- DVD Cover
- Directed by: P. N. Sathya
- Written by: P. N. Sathya
- Produced by: Ramesh Yadav
- Starring: Shiva Rajkumar Meghna Naidu
- Cinematography: Anaji Nagaraj
- Edited by: P R Sounder Rajan
- Music by: Sadhu Kokila
- Production company: Royal Pictures
- Release date: 16 January 2003;
- Country: India
- Language: Kannada

= Don (2003 film) =

Don is a 2003 Indian Kannada-language action drama film directed by P. N. Sathya and starring Shiva Rajkumar and Meghna Naidu.

== Production ==
During the shooting of the film, a misinterpretation of the Tamil dialogues of the film crew led to them being mobbed by Bajrang Dal.

== Soundtrack ==
Soundtrack was composed by Sadhu Kokila.
- Kaveri Kandanu - Shankar Mahadevan
- Ondene Naavu Ondene - Sangeetha, Shivarajkumar
- Sundari Sundari - Nanditha, Udit Narayan
- Kannu Bitre - Manjula Gururaj
- Mehbooba Mehbooba - Shaan, Soumya

== Release ==
The film was scheduled to release on 17 January 2003, but the film ended up releasing a day earlier.

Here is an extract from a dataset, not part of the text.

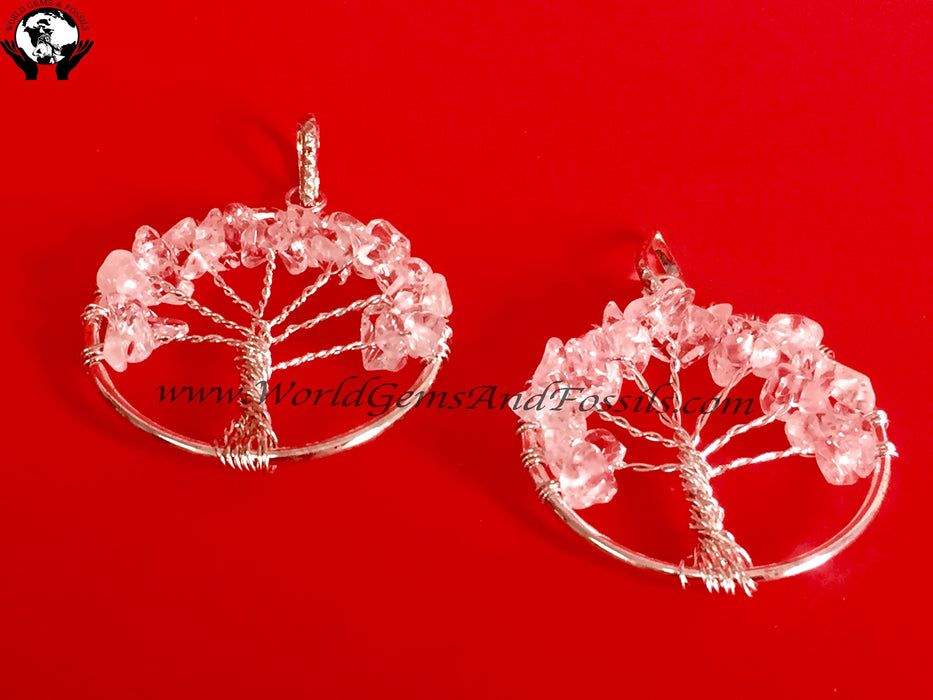 Clear Quartz Tree Of Life Pendant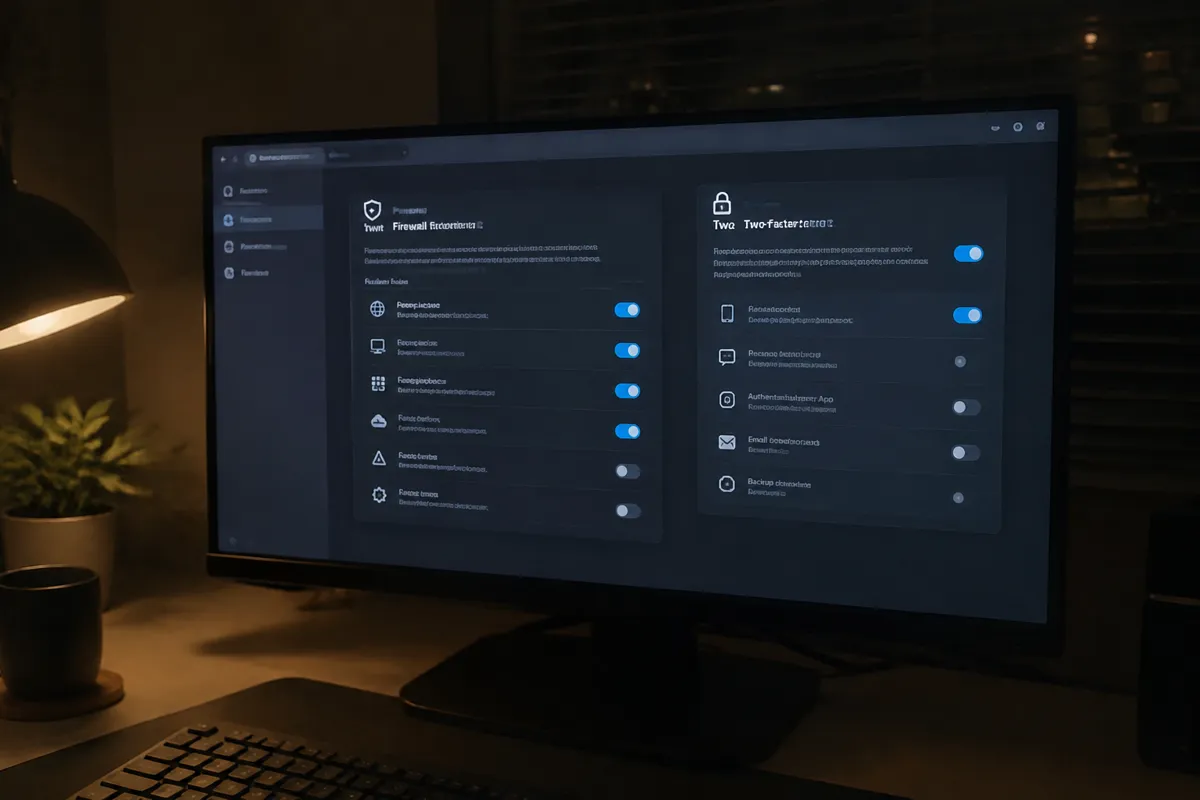 a phone held up photographing a monitor showing firewall settings and a two-factor login screen with a toggle list, dark home office at nigh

Although the film was a box office success and ran for fifty days, the film was not as big a success as it was thought to become.

== Reception ==
A critic from Viggy wrote that "Don is a must see movie for Shivanna's fans". A critic from IndiaInfo wrote that "Apart from Shivaraj Kumar this film has nothing to offer". Deccan Herald wrote "Director Satya, who was successful with Majestic, has come up with a similar theme keeping in mind Shivanna’s image. The film’s music has nothing much to write home about though this is Sadhu Kokila’s 100th film. This one is a must-see for Shivanna’s fans!".